Peraturan yang sedang direvisi tersebut katanya akan mencakup urusan pengendalian kuota BBM hingga di SPBU-SPBU. Sofyano juga mempertanyakan jika dalam peraturan yang katanya tengah direvisi tersebut akan terdapat pasal yang mengatur penindakan terhadap penyelewengan Solar bersubsidi.
"Kenaikan harga Solar subsidi yang hanya sebesar Rp.1.650/liter, sejatinya akan tetap sangat menarik untuk terjadinya penyelewengan Solar ke industri. Ingat selisih Solar subsidi dengan harga keekonomian sangat tinggi, sekitar Rp9.000/liter. Siapa yang tak tertarik dengan nilai ini?" ungkap Sofyano.
Lebih lanjut Sofyano juga mempertanyakan apakah nantinya pengendalian BBM bersubsidi lebih mengandalkan kepada “kerjanya” badan usaha yang menjalankan penugasan. "Mengapa selama ini pengendalian belum terlihat berjalan maksimal? Siapa yang bertanggung jawab?" tanya Sofyano kembali.

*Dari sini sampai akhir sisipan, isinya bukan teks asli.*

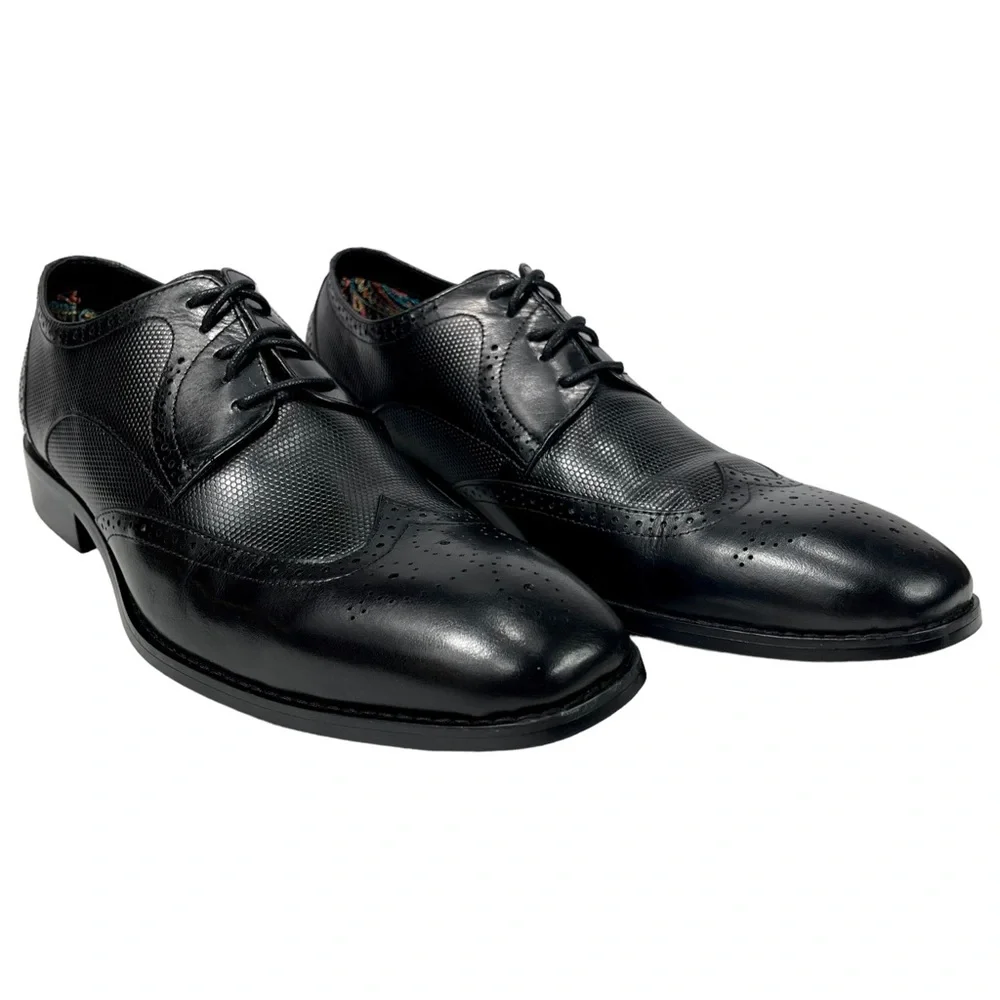Stacy Adam Men’s 11.5 M Black Wing Tip Leather‎ Oxford Derby Lace Up Shoes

Dirinya meyakini, langkah pengendalian dan pengawasan tetap harus dilakukan secara ketat dan melekat sebab BBM Solar subsidi memiliki disparitas harga yang cukup lebar dengan harga keekonomian.
Sofyano juga menyatakan apakah badan usaha dalam melakukan pengendalian juga diberi kewenangan untuk menambah atau mengurangi kuota SPBU yang selama ini dilakukan oleh BPH Migas.

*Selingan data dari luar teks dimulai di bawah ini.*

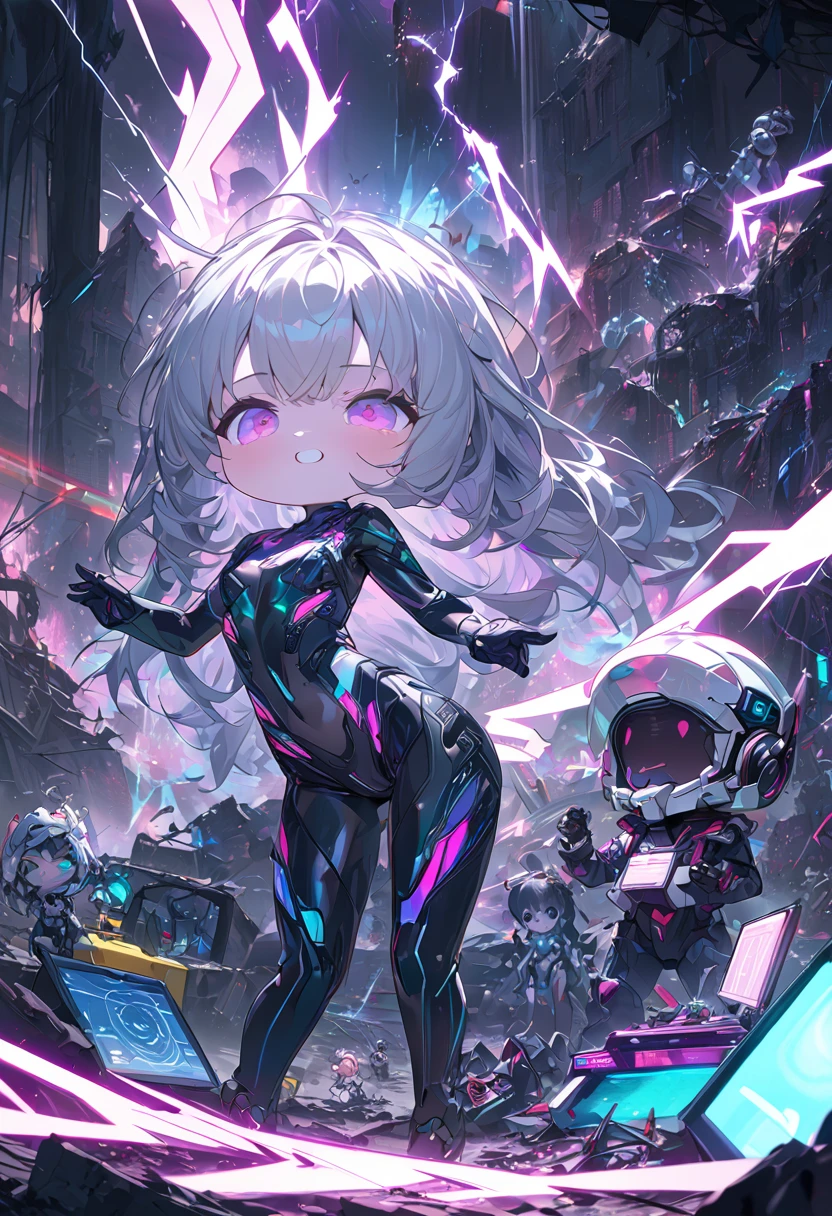 cute anime chibi characters, motivated and energetic poses, (attractive and seductive) and (amorous and lewd) expression, great body proportion, wearing cyber machine suit with neon lines, background tornado, iridescent lightning, ruins, analyzer, lab, conceptual installation art, (ultra detailed, absolutely resolution, best quality:1.3), 2.5D, delicate and dynamic effects, artistic, hyper, graphic CG digital art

"Apakah dengan sudah naiknya harga BBM berarti tetap harus ada pengendalian termasuk penjatahan jumlah pembelian BBM oleh masyarakat? Apa hal ini tidak jadi pertanyaan dan protes masyarakat?" ucap Sofyano. "Jika setelah harga BBM naik dan ternyata kemudian kuota tetap jebol, siapa yang akan dimintai pertanggungan jawabnya? Pertamina? Kementerian ESDM? BPH Migas?" tambahnya.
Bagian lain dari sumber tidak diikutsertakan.